Introduction

Best resources about Apache Maven are from Sonatype Maven Reference Book and Maven By Example. However, the exhaustive details in these books may confuse and overwhelm the beginners.

This tutorial series tries to explain the Apache Maven concepts and workflow in easy steps. Focus is to explain Apache Maven with simple examples and easy explanations for benefit of beginners and intermediate users.

As objective of the tutorial is to explain Apache Maven concepts and its working, the Java examples we use in the tutorial are extremely simple and small, so that focus is more on Maven rather than Java projects. Also, most of chapters use command line interface (CLI) to explain the Maven so that beginners can to know Maven up close. Only the last couple of chapters use GUI where we use Maven to build Eclipse projects.

About Apache Maven

Apache Maven is a project management tool which takes care of following aspects of project management.

  • builds the project including preprocessing, compilation, packaging, testing, and distribution.

  • automates the project dependency management.

  • generate project reports, documentation and project web site.

Comparision with Apache Ant and Ivy

The other popular build system, Apache Ant with Apache Ivy can also do what Maven does. The advantages of Maven over Ant are:

Convention over Configuration

Ant follows Configuration over Custom approach and developers who like to configure the build system from scratch and wants a flexible build process prefer Ant. In contrast, Maven follows Custom over Configuration approach, which means the project has to fall into certain customs or best practices enforced by Maven. It is the default choice for the developers who don’t mind adapting to certain customs and don’t want spend time on build system.

Less Configuration

Since Maven predefines majority of the build process there is less to configure and in size, Maven build file is typically one tenth of Ant build file. Less configuration also means that developers can focus on project rather than tinkering with the build system.

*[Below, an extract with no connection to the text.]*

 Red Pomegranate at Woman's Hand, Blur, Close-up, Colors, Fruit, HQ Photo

It’s some thing like this: when it comes to Ant, you have to setup the entire build system whereas in Maven, experts have already setup the build system for you.

 
 

Easy to Learn

Ant build system involves two modules - Apache Ant and Apache Ivy. It comes with a steep learning curve as everything has to be put together from scratch. Learning Maven, too, involves some effort. But, once we are through with its concepts, project management becomes quite easy as configuration is minimal.

Portable

Maven is highly portable across projects and platforms. As Maven enforces certain customs, we can easily move between Maven projects without bothering much about the builds whereas in Ant projects, we need to spend some extra time with build files to know the configuration and the flow. It is often said, you see a mall and you have seen them all, similarly once you build a Maven project, you can manage any Maven project.

Is it Worth the Effort

Normally, a couple of things puts off beginners from Apache Maven.

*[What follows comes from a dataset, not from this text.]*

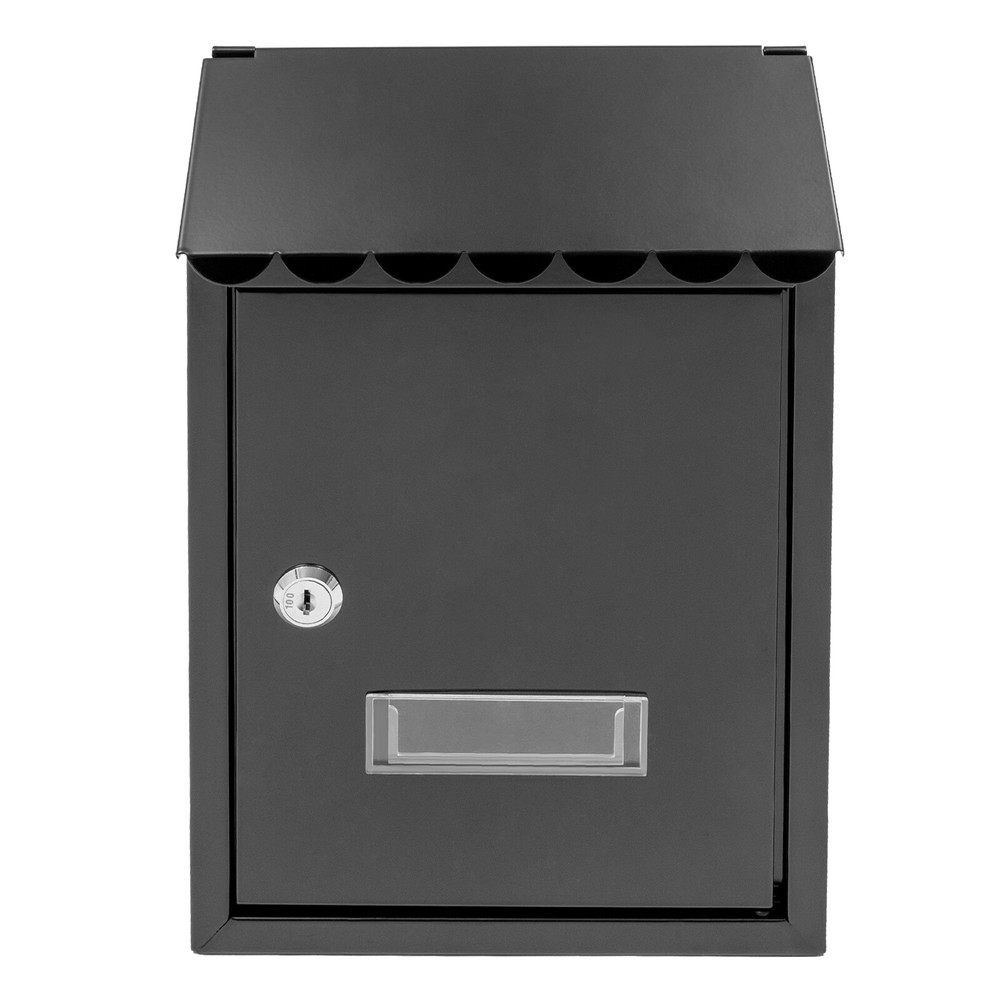 Wall Mount Rectangular Locking Mailbox W/ 2 Keys Black Residential Mail Box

Complicated terms and concepts

To define certain concepts, Maven uses complicated terms such as coordinates, artifacts, archetype, assemblies, lifecycle phases, project object model, Mojao etc., and beginners find it difficult to comprehend them.

Though Maven developers picked strange terms, the concepts behind them are simple and no much effort is required to understand them.

 
 

Project directory structure

The directory structure of an IDE generated project differs from a Maven project, many who comes from Ant background like to use the existing project structure in Maven.

Yes, it is possible to use existing project structure in Maven and later in the guide, we will show how. However, we strongly suggest you to go with Maven enforced structure as there is much to gain.

Endless downloads

Sometimes even a simple build seems to download lot of items from Internet.

A workable Maven setup requires just about 40 MB of downloads - Maven Core 8MB and core plugins 30MB. After that, download depends upon the additional artifacts (plugins and dependencies) we request. Maven stores artifacts in a local repository and reuses them effectively. Only when a artifact is not found in the local repository it is downloaded and as repository grows there will be less and less downloads.